Mickael Jovanovic, 27, and his gang posed as Russian businessmen and invited Nicholas Wainwright, the chairman of Boodles, to meet them in Monaco and arranged a sale at the company’s store on New Bond Street.

In a raid compared by police “to the plot of a film” such as Ocean’s Eleven, starring George Clooney and Brad Pitt, the gang used distraction techniques to switch the seven diamonds, one of which was a heart-shaped jewel worth $2.7 million, with pebbles before making their getaway.

Southwark crown court was told that when the sale was arranged in Monaco the fake businessmen said their gemologist would examine the stones. On March 10, 2016, Mr Wainwright and Emma Barton, Boodles’s own gemologist, met the fake expert, “Anna”, who was taken to the basement of the shop for a viewing, where she used a sleight of hand trick.

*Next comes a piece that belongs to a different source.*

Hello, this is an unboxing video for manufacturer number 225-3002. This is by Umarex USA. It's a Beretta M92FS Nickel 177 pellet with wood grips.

A raid compared by police “to the plot of a film” such as Ocean’s Eleven, starring George Clooney and Brad Pitt.

Jovanovic and another man, Christophe Stankovic, who had carried out surveillance, loitered near by. Two women acted as lookouts for Anna and a third woman stood by with a change of clothes at a pub near Victoria Station.

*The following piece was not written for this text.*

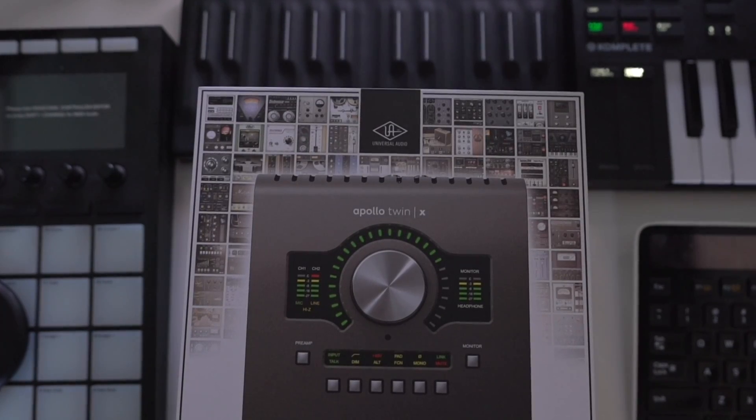Welcome to East West Beats. This is RPG and I wanted to talk about the Lunar recording system as well as the 737 preamp purchase and the UAD Apollo Twin X.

The court was told that after Anna, who is still at large, viewed the diamonds and placed them in a small padlocked bag she had brought, a fellow member of the gang called the store.

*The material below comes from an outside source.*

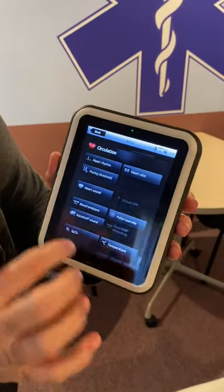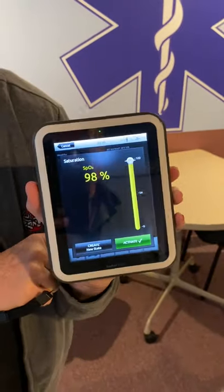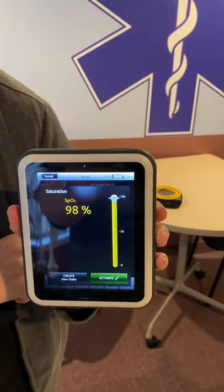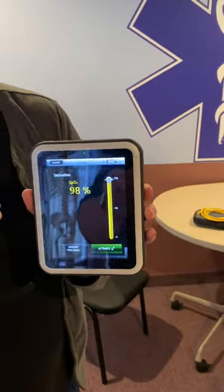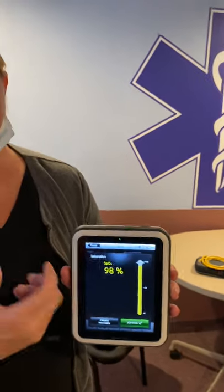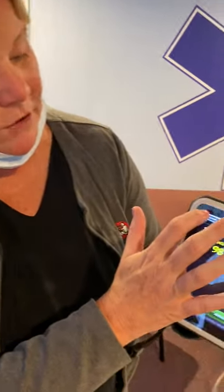Cancel brings you back to the previous screen. Here are your SpO2 settings — you can make those changes, like bring him below 90%. He won't visually react with cyanosis, but you could engage that concept in another way by mentioning the saturations to your learners.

“Anna wrapped each diamond in pre-cut tissue paper and placed them inside opaque boxes she had brought with her”, Philip Stott, for the prosecution, said. “When the examination was complete, the boxes were placed into a zipable purse-like bag. That was then padlocked shut.”

Mr Wainwright went upstairs to answer the call and Anna went to put the bag in her handbag. Ms Barton told her she could not do this but, unbeknown to the gemologist, the bag Anna placed back on the table was a duplicate containing pebbles, each in a replica box.

It was agreed that the bag would be collected after a transfer of funds. After leaving the shop, Anna met her associates in the street and handed over the diamonds, then they split up. Within three hours they were all in France.

The next day a director at Boodles spoke to the fake buyer, who confirmed that the money would be transferred. Staff grew suspicious and x-rayed the bag, discovering that they had been left with pebbles.

After the jewellers found they had been duped, the Flying Squad began an investigation and made extensive CCTV inquiries. The gang had used minicabs to try to hide their movements but their departure from the country was quickly established. Their images were circulated to other police forces.

Stankovic was caught and jailed in 2016. Jovanovic, of Le Blanc-Mesnil, a suburb in northeastern Paris, was extradited from Italy in January and arrested. He was charged the same day and admitted conspiracy to steal. On Friday he was jailed for three years and eight months by Southwark crown court. Mr Stott described the raid as “of the highest possible sophistication, planning, risk and reward”.

The jewels have not been traced and Stankovic and Jovanovic’s accomplices have not been caught.

Detective Constable William Man, of the Flying Squad, said: “This was a well-organised theft which evolved over a number of weeks. Like the plot of a film, this was a truly audacious crime. They stole the diamonds and fled in a matter of hours.

“As a result of piecing together all of the bits of information, we knew it was only a matter of time before arrests were made. And whilst it has taken four years, this case does highlight that we won’t give up. We still remain determined to identify all of those involved.”